The bottom line is that insincerity is a loyalty killer. And, while they may put up with it, customers shouldn’t have to deal with a customer support rep who is scripted, apathetic, and isn’t customer focused. How can a customer have a positive emotional connection to the company if the employees come off as fake or insincere?
So, how do we go about getting good, caring people? It starts before you even hire someone. The leadership has to define what good customer service looks like in the organization. Once defined, you hire good people who can support that initiative. Then you train them. Accolades from leadership for a job well done makes employees feel good, especially after handling complaints and problems on many of their support calls.
Getting great people who are customer-focused is of the utmost importance. The best customer-focused people care. They have empathy, sympathy, patience, tolerance, understanding, passion and, of course, sincerity. So hire customer service reps that care, and who already have the personality to succeed in a customer service position.
About the Author
Shep Hyken is the Chief Amazement Officer of Shepard Presentations. As a professional speaker and best-selling author, Shep helps companies develop loyal relationships with their customers and employees.
“A life not lived for others is not a life”, Customers feel relaxed and would share their problems when they realize the reps are sincere and ready to listen to the problems with focus and come out with the solution, but, In most of the call centers, they read their script and customers easily realize this thing! As your suggestion points out, we must hire the Executives who work with patience, empathy, passion and of course with sincerity, not like just reading the script. Your article helps the call center industry to groom their work and tricks as well!

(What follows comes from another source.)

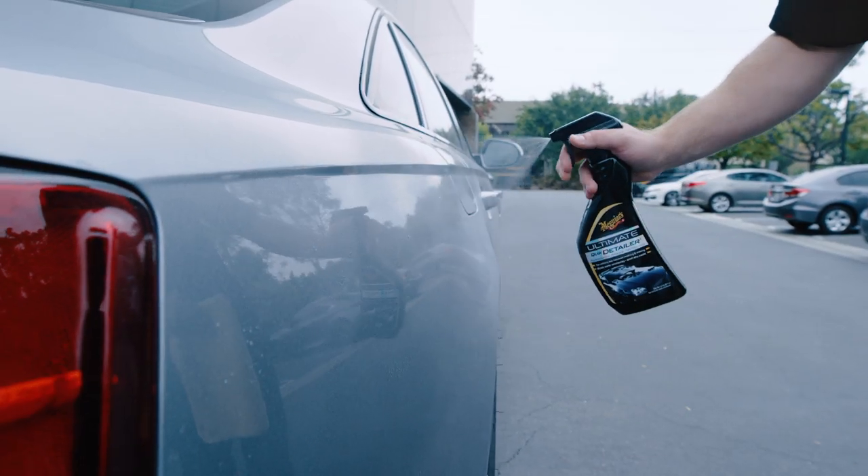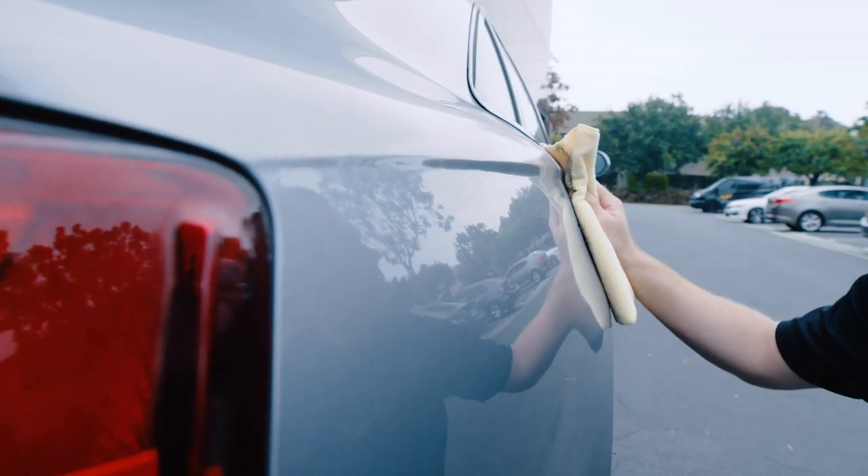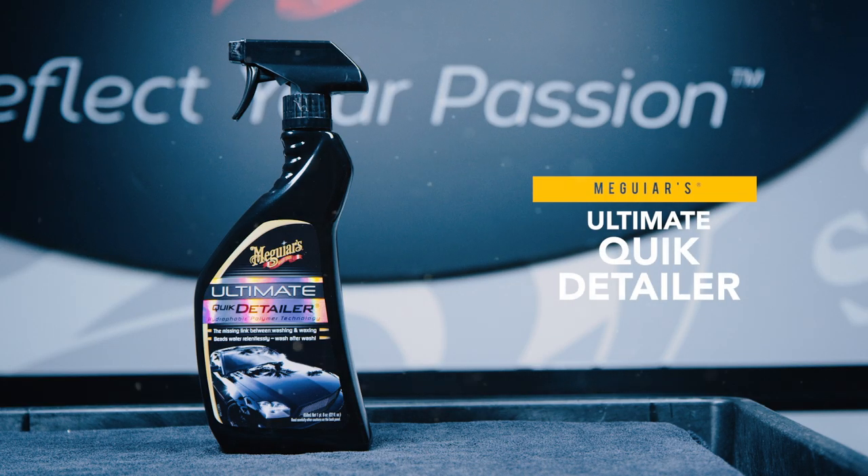Ultimate Quick Detailer truly is the best choice for anyone looking for the easiest and most effective way to maintain and beautify their ride between washes.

For someone who has spent 15 years working in customer support I can tell you this. None of the agents on the phone do this because they like to do it but because it earns them money.
The human mind is not capable of this amount of empathy aimed at such a great mountain of people. I have spoken more than 10.000 people on the phone and would be an emotional wreck had I felt real empathy for all their problems.
In short, customer service should do only one thing. Listen to the problem and try to fix it. No false sentiments and be honest.